Containers are here to stay
It’s no exaggeration to say containers are seen as one of the modern building blocks of cloud computing. Like virtual machines (VMs), they provide a neat, self-contained package in which developers can run their applications, libraries and other dependencies. In doing so, containers offer a consistent, predictable environment isolated from other applications. However, since they’re more lightweight and have lower associated overheads than virtual machines, deploying containers quickly and easily at large scale across private, public and hybrid cloud environments comes far more easily.
It’s no wonder, therefore, that containers have continued to attract increasing praise in recent times. The ability to set-up test environments quickly and easily and scale them up to full production if necessary is a tantalising prospect for developers. It’s claimed that over 80% of IT teams used containers in 2018, up from just over half (58%) the year before. Each week, Google deploys over two billion of them alone.
Friend or foe?
Despite this deployment, the rapid adoption of containers highlights a growing rift in IT architecture, between stateless application workloads running on container environments, and stateful application workloads running on more traditional infrastructure.
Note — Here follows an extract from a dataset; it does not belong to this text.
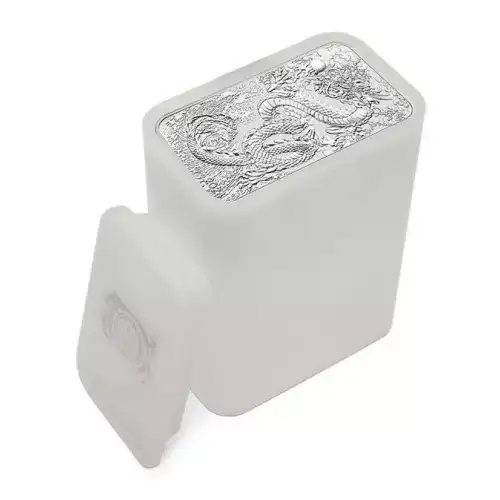 2024 1 oz Perth Mint Silver Dragon Coin Bar – Rectangular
As container orchestration tools such as Kubernetes have allowed organisations to take greater control over their container environments, so businesses have begun to see the benefits of stateless applications. These range from using APIs to integrate multiple applications into services, to enabling an online-first approach to services, and to easier scalability and redeployment.
Yet while organisations reap the full rewards of containers, they are now facing the opposite challenge from their legacy IT. Quite simply, architecture built for stateful applications cannot match the flexibility, agility and rapid evolution that is now possible. For instance, stateful applications will often exist in silos, with their own independent network, policies and infrastructure – meaning it is much harder to scale without directly adding to that infrastructure, or to connect with other applications using APIs. What this means is that architects face an all-too-common nightmare of running without actually moving. Although a huge amount of investment and energy is put into building and improving legacy applications and their databases, stateless applications continue to offer incredible potential.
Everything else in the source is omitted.